2. King Candy In ‘Wreck-It Ralph’ Is A Tribute To Vaudeville Actor Ed Wynn
When giving life to King Candy, the corrupt ruler of Sugar Rush in 2012’s Wreck-It Ralph, actor Alan Tudyk was asked if he could mimic Disney legend Ed Wynn, who voiced the Mad Hatter in 1951’s Alice In Wonderland and starred as Uncle Albert in 1964’s Mary Poppins. As Tudyk related:
I don’t know whose original idea that was – maybe [directror and co-writer] Rich Moore’s…
…He [Wynn] never really got to do a bad guy like that.
Best known for playing fun-loving, madcap characters for most of his career, Wynn’s distinct facial features, voice, and body were the creative template for King Candy, the facade used by the evil Turbo to take over Sugar Rush from its rightful ruler, Vanellope.
3. Cruella de Vil Was Based On Hollywood Starlet Tallulah Bankhead
When legendary Disney animator Marc Davis was looking at models for inspiration to bring the villain from author Dodie Smith’s 1956 book The Hundred and One Dalmatians to animated life, one person stuck out in both looks and spirit:
I had several partial models in mind when I drew Cruella… including Tallulah [Bankhead] and one woman I knew who was just a monster: She was tall and thin and talked constantly – you never knew what she was saying, but you couldn’t get a word in edgewise. What I really wanted to do was make the character move like someone you wouldn’t like.

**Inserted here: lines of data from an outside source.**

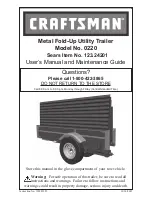 Craftsman 123.24201 User Manual preview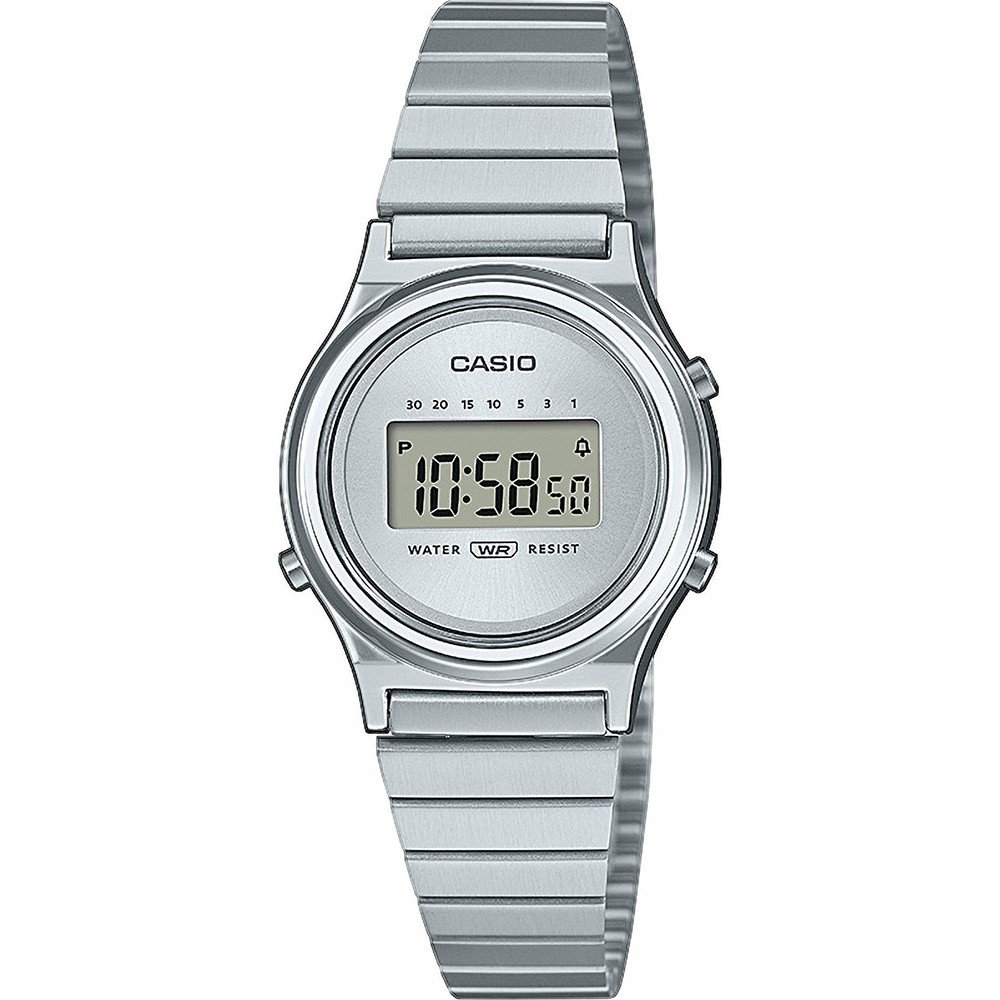 Casio Collection Vintage WoMens Silver Watch LA700WE-7AEF Stainless Steel (archived) - One Size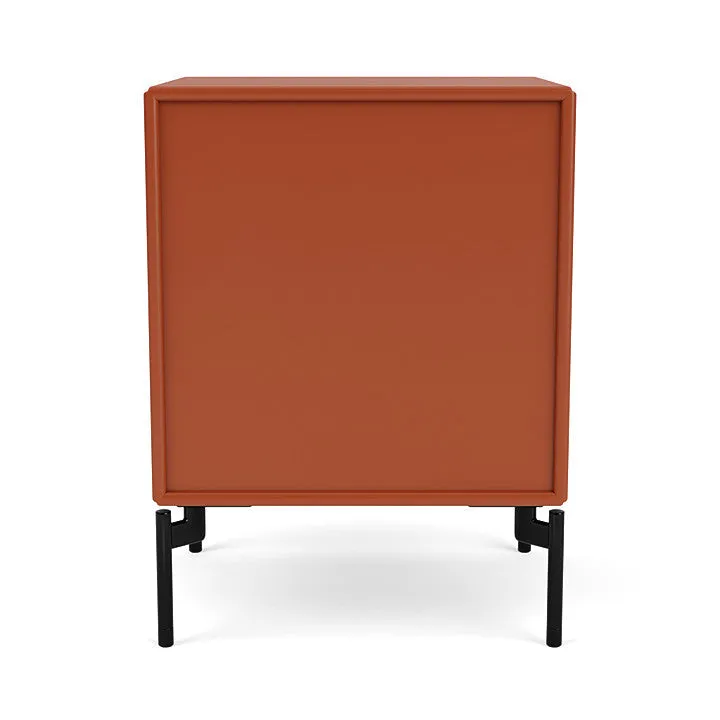 Montana Dream Nightstand With Legs, Hokkaido/Black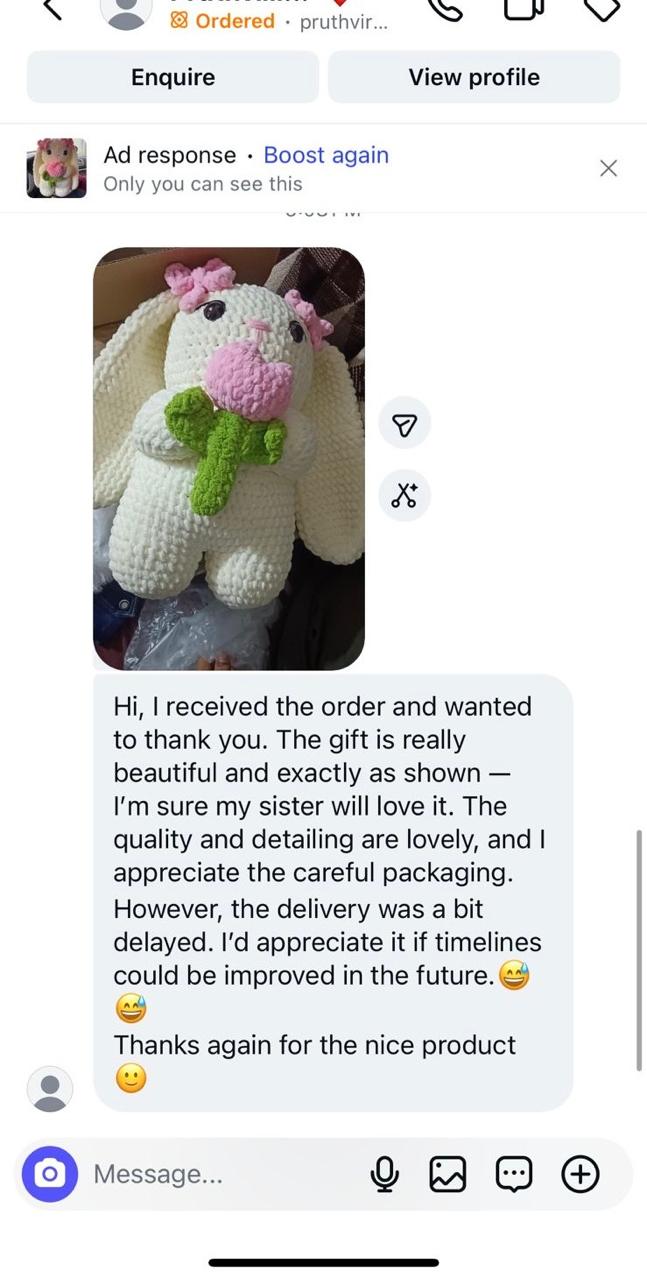 real customer photo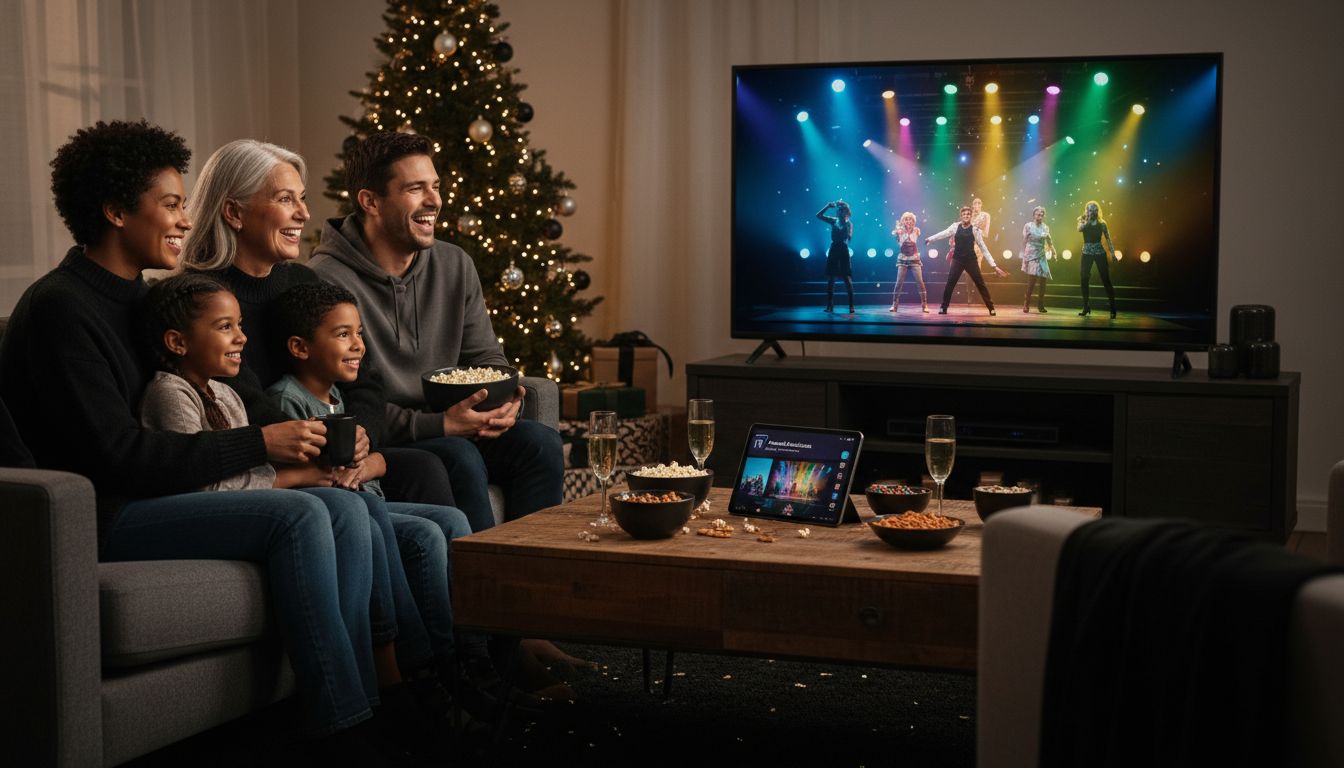 family watching special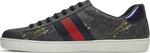 Кроссовки Gucci Ace GG Supreme Tigers, черный - фото 4
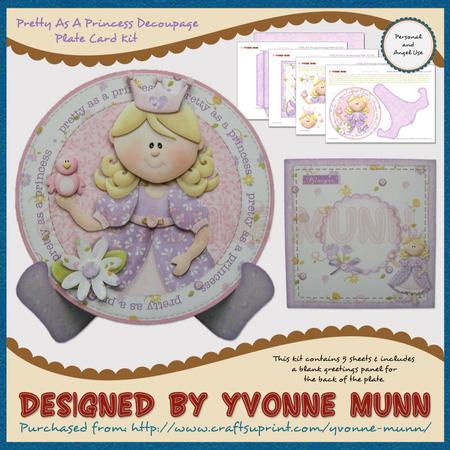 Pretty as a Princess Decoupage Plate Card Kit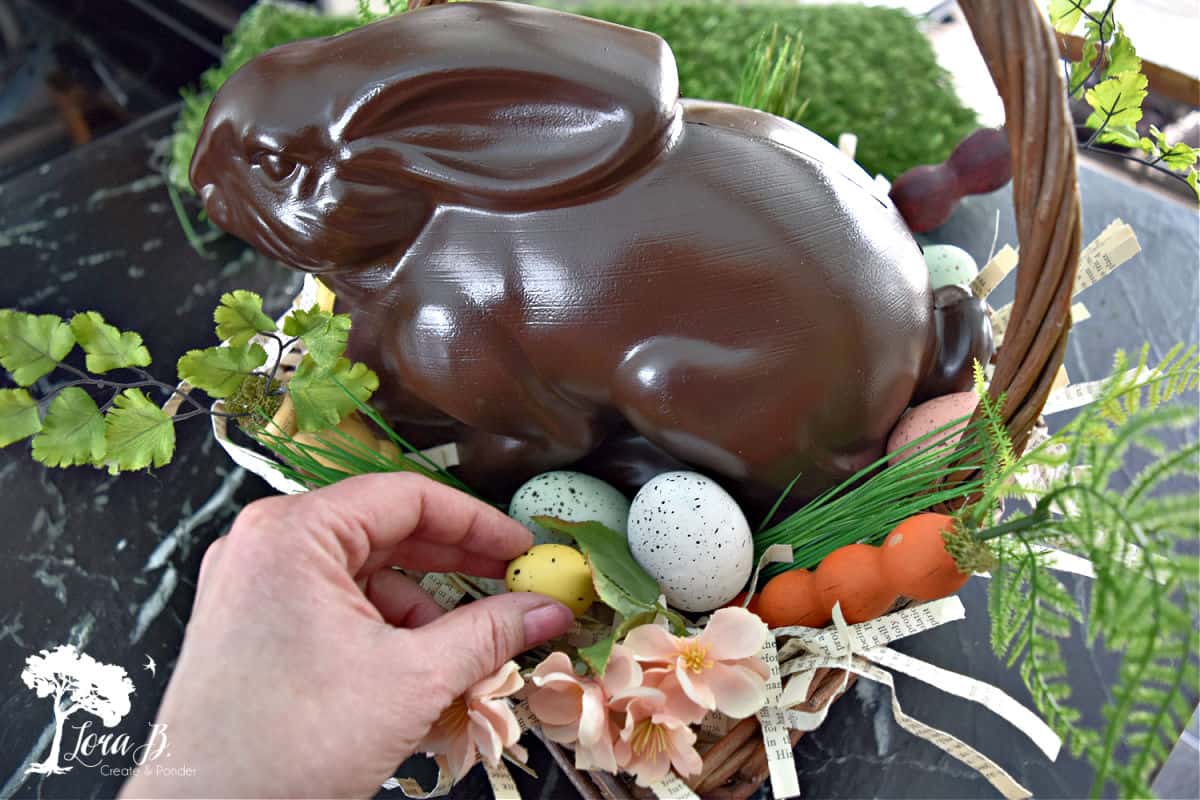 DIY Chocolate Bunny Centerpiece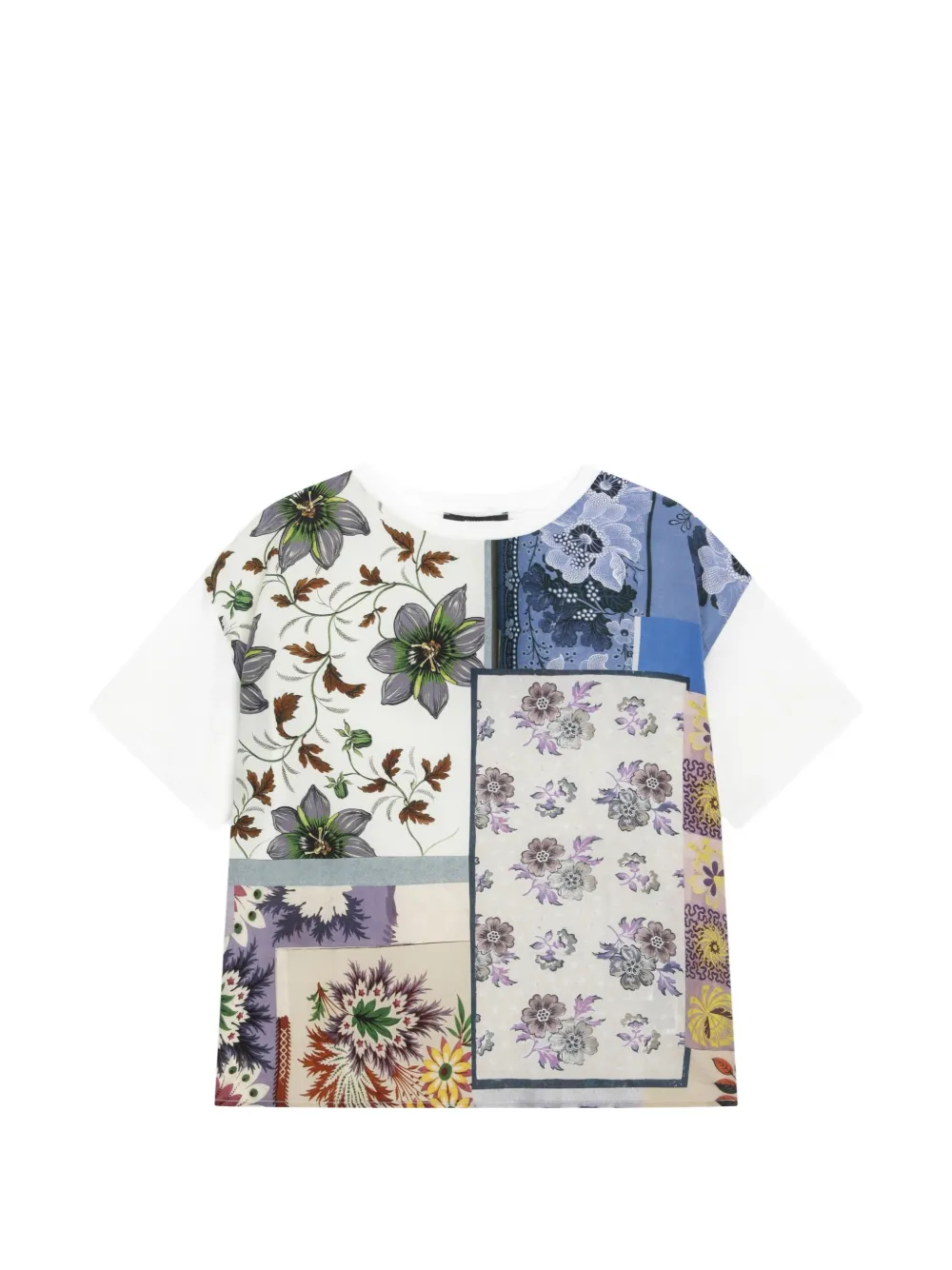 Weekend Max Mara patchwork floral-print T-shirt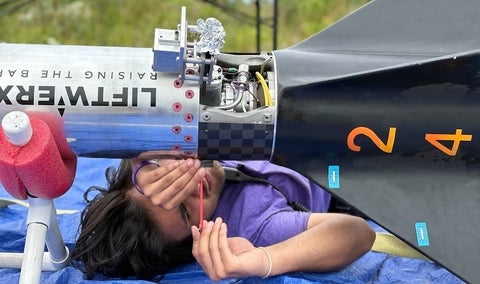 Student fixes rocket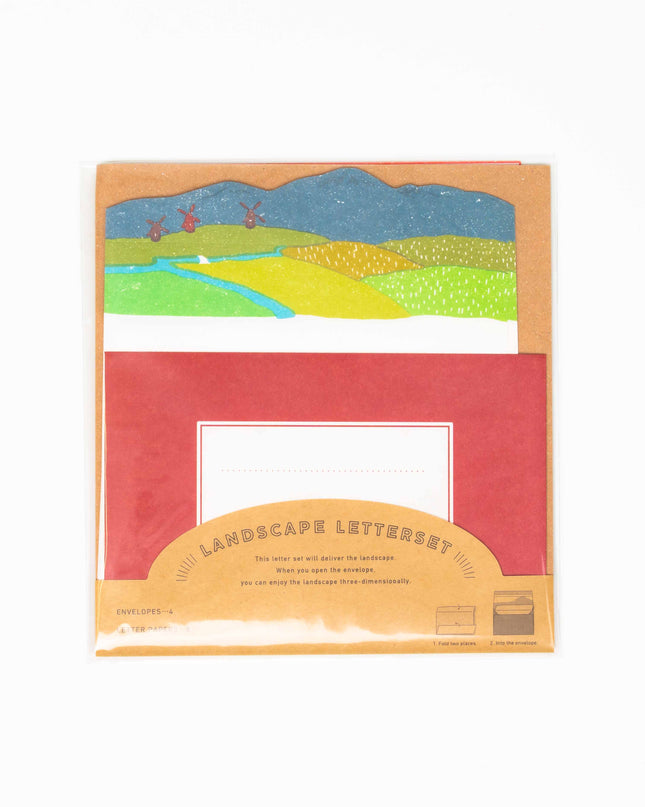 ELCOMMUNE Landscape Sunset Letter Set - ZenPop Japan Stationery Store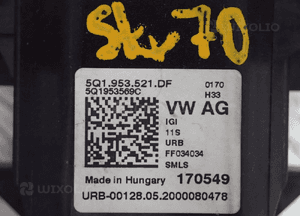 PRZEŁĄCZNIK ZESPOLONY  VW SKODA 5Q1953569C  5Q1953521DF 6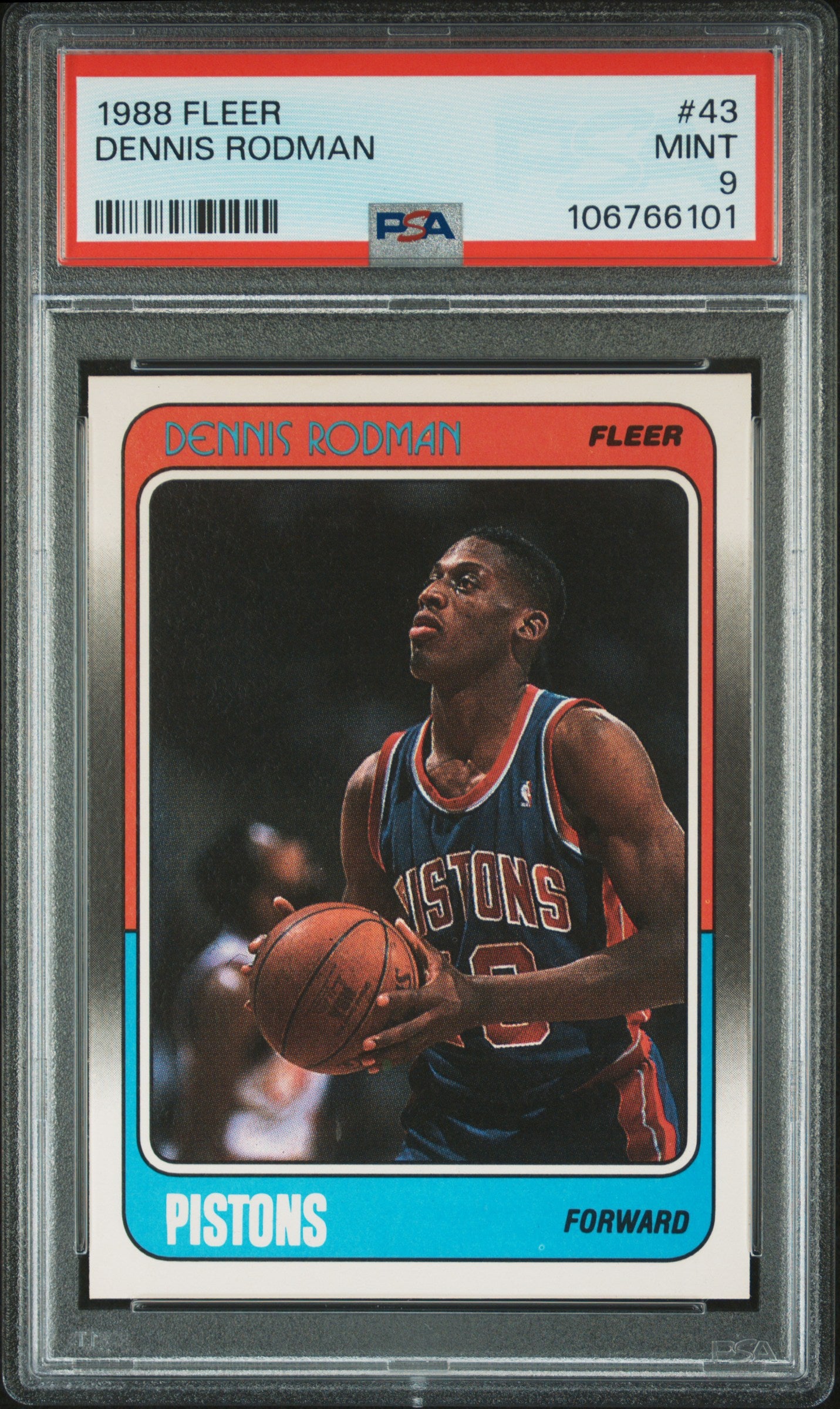 1988 Fleer Dennis Rodman #43 PSA 9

Known for her wild antics, fur coats, constant smoking, and reckless driving, Bankhead became the mold for Cruella – albeit an exaggeration to the extreme.
4. Ernesto de la Cruz From ‘Coco’ Was Based On Two Famous Musicians
To play the role of the murderous musician Ernesto de la Cruz, filmmakers for 2017’s Coco told actor Benjamin Bratt to watch old films from Mexican cinema to draw inspiration. From there, he discovered the work of Pedro Infante and Jorge Negrete, whom he described as:
Guys who were as popular and talented as Frank Sinatra in their day. Gentlemen who were as well known for their beautiful singing ability as they were for their star-making roles in films.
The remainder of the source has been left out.